(Collected data entries)
=-=-=-=-=

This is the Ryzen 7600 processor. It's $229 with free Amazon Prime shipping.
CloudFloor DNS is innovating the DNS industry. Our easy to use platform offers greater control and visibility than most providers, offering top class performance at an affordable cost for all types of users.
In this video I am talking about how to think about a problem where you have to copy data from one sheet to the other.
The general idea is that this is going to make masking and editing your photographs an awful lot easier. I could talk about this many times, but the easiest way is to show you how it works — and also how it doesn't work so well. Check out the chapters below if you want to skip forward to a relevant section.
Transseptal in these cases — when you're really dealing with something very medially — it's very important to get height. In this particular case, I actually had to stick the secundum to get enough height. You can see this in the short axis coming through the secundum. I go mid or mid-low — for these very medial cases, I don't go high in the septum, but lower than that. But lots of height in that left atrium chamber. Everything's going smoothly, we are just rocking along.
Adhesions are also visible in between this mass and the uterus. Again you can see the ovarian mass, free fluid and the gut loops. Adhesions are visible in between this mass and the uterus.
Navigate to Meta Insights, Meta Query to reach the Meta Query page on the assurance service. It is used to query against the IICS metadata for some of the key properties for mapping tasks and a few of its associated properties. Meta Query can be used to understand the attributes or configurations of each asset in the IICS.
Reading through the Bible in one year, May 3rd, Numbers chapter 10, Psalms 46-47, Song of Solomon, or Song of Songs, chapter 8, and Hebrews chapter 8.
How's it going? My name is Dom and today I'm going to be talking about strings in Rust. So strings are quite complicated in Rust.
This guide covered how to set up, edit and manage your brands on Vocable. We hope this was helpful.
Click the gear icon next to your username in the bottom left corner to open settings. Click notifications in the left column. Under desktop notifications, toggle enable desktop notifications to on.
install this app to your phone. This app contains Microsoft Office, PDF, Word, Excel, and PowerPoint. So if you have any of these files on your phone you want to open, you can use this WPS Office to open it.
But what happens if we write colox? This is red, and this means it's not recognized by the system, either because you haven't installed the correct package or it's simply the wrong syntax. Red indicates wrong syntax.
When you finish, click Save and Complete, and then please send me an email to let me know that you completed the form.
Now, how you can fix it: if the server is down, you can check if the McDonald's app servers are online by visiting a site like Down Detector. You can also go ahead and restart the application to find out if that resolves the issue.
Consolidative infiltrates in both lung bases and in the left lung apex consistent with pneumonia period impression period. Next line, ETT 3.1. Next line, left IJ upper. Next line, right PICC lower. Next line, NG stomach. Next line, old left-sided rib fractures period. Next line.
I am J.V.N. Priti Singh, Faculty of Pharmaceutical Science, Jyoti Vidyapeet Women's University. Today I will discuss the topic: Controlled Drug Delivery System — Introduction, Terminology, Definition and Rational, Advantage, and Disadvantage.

=-=-=-=-=

**Problem details**
Copy each line of the data that contains the word "open".

**Expected answer**
Click the gear icon next to your username in the bottom left corner to open settings. Click notifications in the left column. Under desktop notifications, toggle enable desktop notifications to on.
install this app to your phone. This app contains Microsoft Office, PDF, Word, Excel, and PowerPoint. So if you have any of these files on your phone you want to open, you can use this WPS Office to open it.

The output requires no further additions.